Comparing normal humans' EEG Microstate classes to those of psychotic patients has yielded important results suggesting that the basic resting-state condition of these patients' brains are irregular. This implies that before any information is processed or created, it is bound to the dynamics of the irregular microstate sequencing. [1] [11] [12] [13] [14] [15] [16]. Although microstate analysis has great potential to help understand the basic mechanisms of some neurological diseases, there is still much work and understanding that needs to be developed before it can be a widely accepted diagnostic.[2]
Koenig & Lehmann, in their breakthrough 1999 study, looked at microstates of schizophrenics versus control patients. Schizophrenia is one of the main disorders studied with EEG Microstate analysis. The resting state EEGs were found to have aberrant microstate classes that lasted either too long or too short in comparison to analogous microstate classes of normal humans. [1] Schizophrenics' brains spend too much time in a topographically right-anterior to left-posterior (referred to as "Class A") microstate orientation, which maps to unfocused, frontal lobe-quiescent states, and too little time in focused frontal lobe-strong attentional states. Schizophrenic patients spent an average of 24.7% of the observed time in this Class A microstate, versus the controls who spent an average of 19% of observed time in Class A.[1] These inappropriate microstate durations occur intermittently in an otherwise normal microstate sequence. This further supports the theory that microstates are the basic steps of cognition, for if such a small-scale irregularity causes such a dramatic disorder. it must be a precursor for both basic and higher-level brain function. [1]. It is also noteworthy that schizophrenic-like behavior can be induced by manipulating a normal human's alpha wave frequency. [2]

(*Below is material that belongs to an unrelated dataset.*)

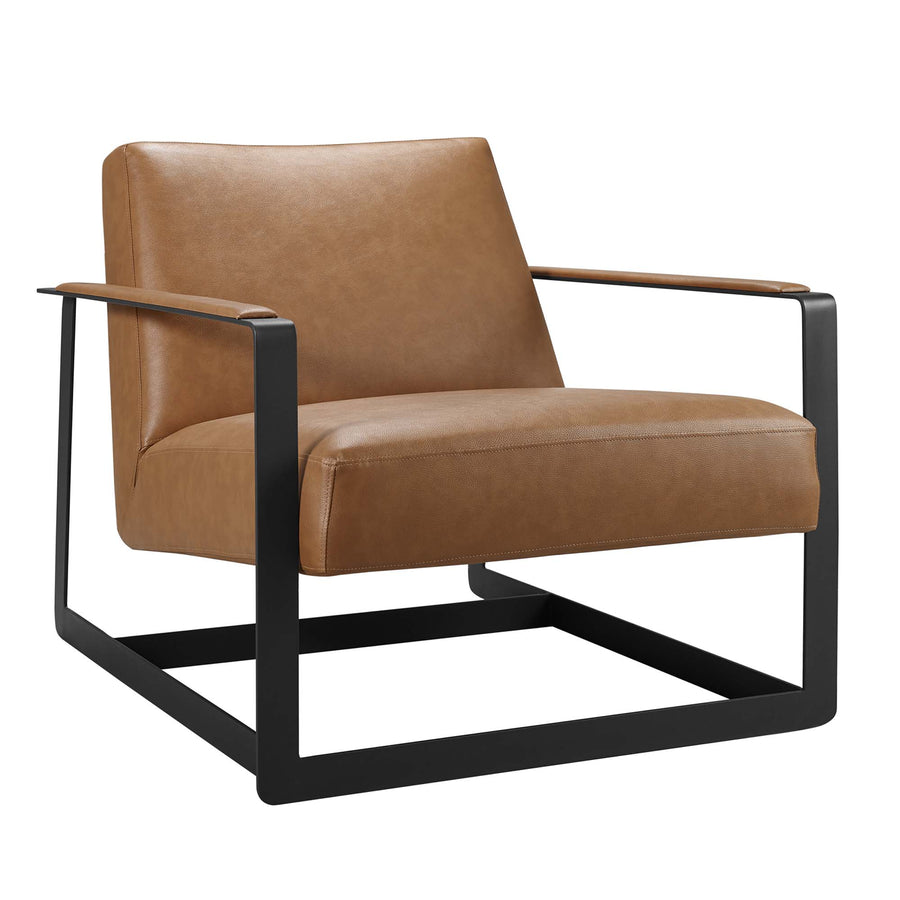 Skibbereen Vegan Leather Accent Chair in Tan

In July 2011, Dr. Koenig collaborated with researchers from Kanazawa University in Japan, and others from the University of Bern in Switzerland, to do a microstate analysis on patients with Panic Disorder (PD). They found that these patients spent too much time in the same right-anterior to left-posterior microstate as in the schizophrenic studies.[17] This would suggest a temporal lobe malfunction, which has been reported in fMRI studies of patient with PD. The patients spent an average of 9.26 milliseconds longer in this microstate than did control subjects. These aberrant microstate sequences are very similar to those in the schizophrenia study, and as anxiety is the most prevalent symptom of schizophrenia, it may indicate a strong correlation between different severities of neurological pathologies and a patient's microstate sequence.
In 2004, Cantero, Atienza, Salas, and Gómez studied alpha rhythms in normal human subjects during 3 different drowsy/sleep states: eyes closed/relaxing, drowsiness at sleep onset, and REM sleep. They found that the mean determined microstate classes were different amongst consciousness states on 3 different parameters.[18]
This study yet again illuminates the complexity of brain activity and EEG dynamics. The data suggest that "alpha (wave) activity could be indexing different brain information in each arousal state."[18] Furthermore, they suggest that the alpha rhythm could be the "natural resonance frequency of the visual cortex during the waking state, whereas the alpha activity that appears in the drowsiness period at sleep onset could be indexing the hypnagogic imagery self-generated by the sleeping brain, and a phasic event in the case of REM sleep." [18]. Another claim is that longer periods of stable brain activity may be handling smaller amounts of information processing, and thus few changes in microstates, while shorter, less-stable brain activity may reflect large amounts of different information to process, and thus more microstate changes.